45 Want gij hebt toch gezien, dat er een steen, zonder dat er een hand naar werd uitgestoken, losraakte van de berg, en ijzer, koper, leem, zilver en goud verbrijzelde. De grote God heeft den koning geopenbaard, wat in de toekomst zal geschieden. De droom is waarachtig, en zijn uitleg betrouwbaar.
Porque viu que uma pedra foi cortada da montanha sem as mãos, e que quebrou em pedaços o ferro, o bronze, o barro, a prata e o ouro, o grande Deus fez saber ao rei o que acontecerá daqui por diante. O sonho é certo, e sua interpretação é certa”.
46 Toen viel koning Nabukodonosor op zijn aangezicht neer, bracht Daniël hulde, en beval, hem offer en wierook te brengen.
Então o rei Nabucodonosor caiu sobre seu rosto, adorou Daniel e ordenou que lhe oferecessem uma oferenda e odores doces.
47 En de koning zeide tot Daniël: Waarachtig, uw God is de God der goden en de Heer der koningen. Hij is het, die wat verborgen is openbaart; want gij hebt dit geheim kunnen ontsluieren.

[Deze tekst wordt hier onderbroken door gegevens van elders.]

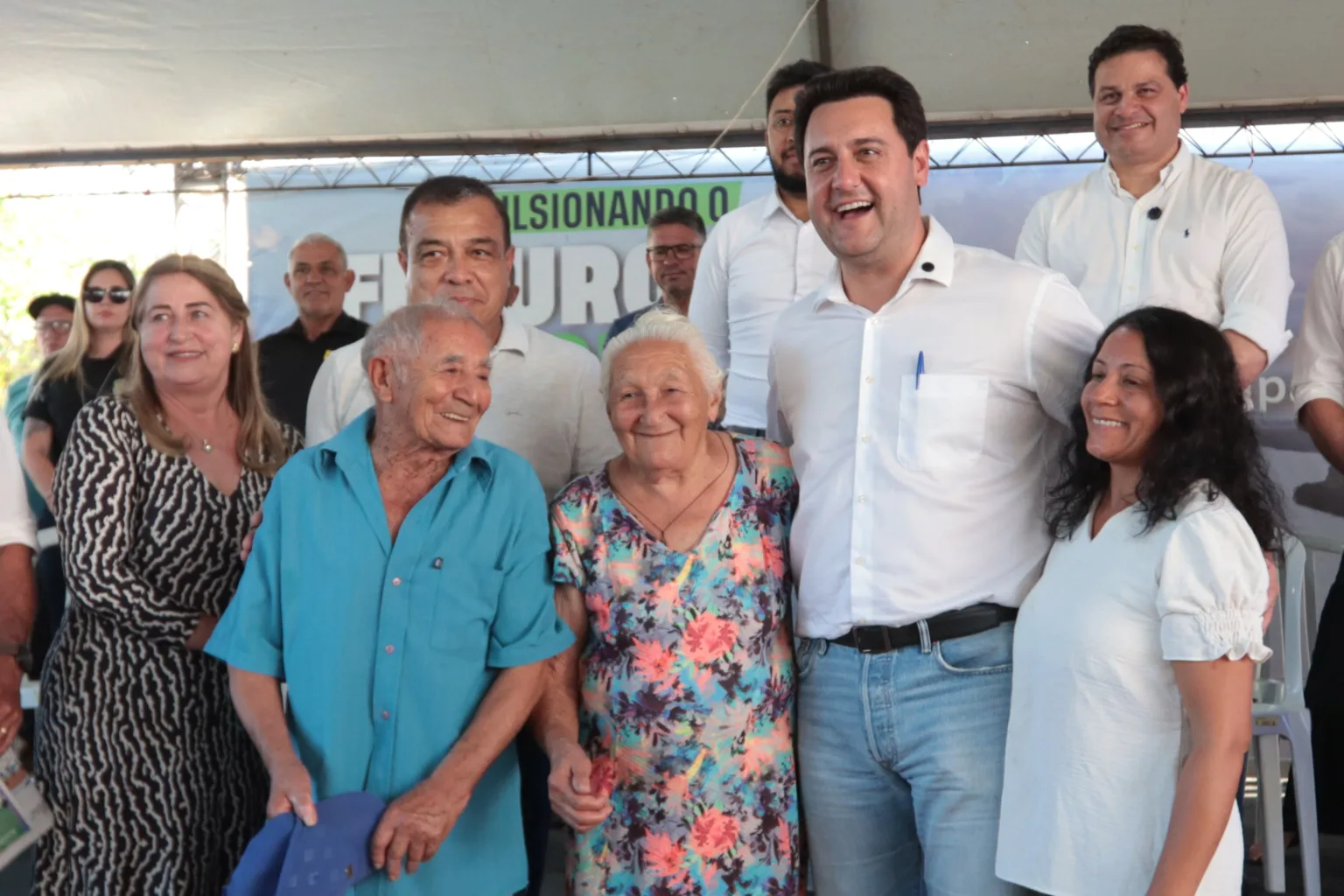 Governador anuncia pavimentação da área urbana de Marilena até o Porto Maringá Foto: Jonathan Campos/AEN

O rei respondeu a Daniel, e disse: “De uma verdade teu Deus é o Deus dos deuses, e o Senhor dos reis, e um revelador de segredos, já que foste capaz de revelar este segredo”.

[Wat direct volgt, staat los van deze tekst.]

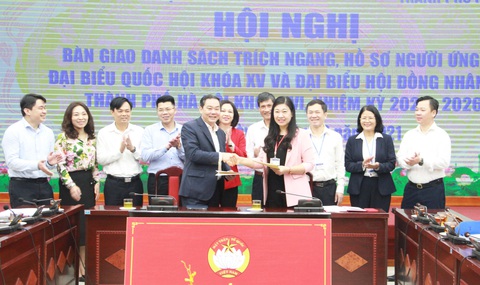 Hà Nội hiệp thương lần hai, nhất trí danh sách sơ bộ 72 ứng viên đại biểu Quốc hội - Ảnh 1. Hà Nội hiệp thương lần hai, nhất trí danh sách sơ bộ 72 ứng viên đại biểu Quốc hội - Ảnh 1.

48 Daarna overlaadde de koning Daniël met eer, gaf hem vele kostbare geschenken, en stelde hem aan tot bestuurder van heel de provincie van Babel, en tot opperste leider van al de wijzen van Babel.

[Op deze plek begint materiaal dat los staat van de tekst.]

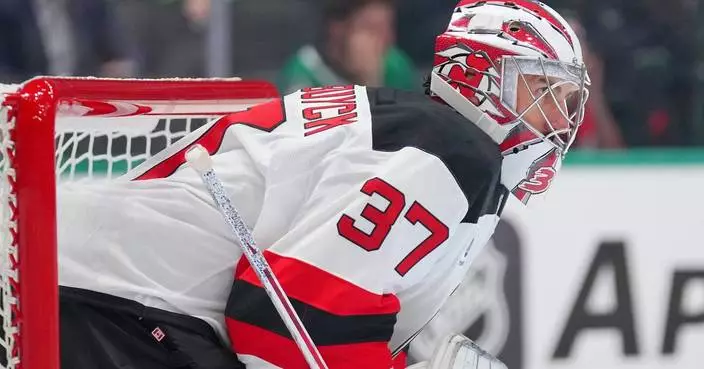 Connor Hellebuyck earns win in his Devils debut as New Jersey beats Dallas 5-1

Então o rei fez Daniel grande e lhe deu muitos grandes presentes, e o fez governar toda a província da Babilônia e ser governador chefe sobre todos os sábios da Babilônia.
49 Maar op verzoek van Daniël droeg de koning het bestuur over de provincie van Babel aan Sjadrak, Mesjak en Abed-Nego op, terwijl Daniël zelf aan het hof van den koning verbleef.
Daniel pediu ao rei e nomeou Sadraque, Mesaque e Abednego sobre os assuntos da província da Babilônia, mas Daniel estava no portão do rei.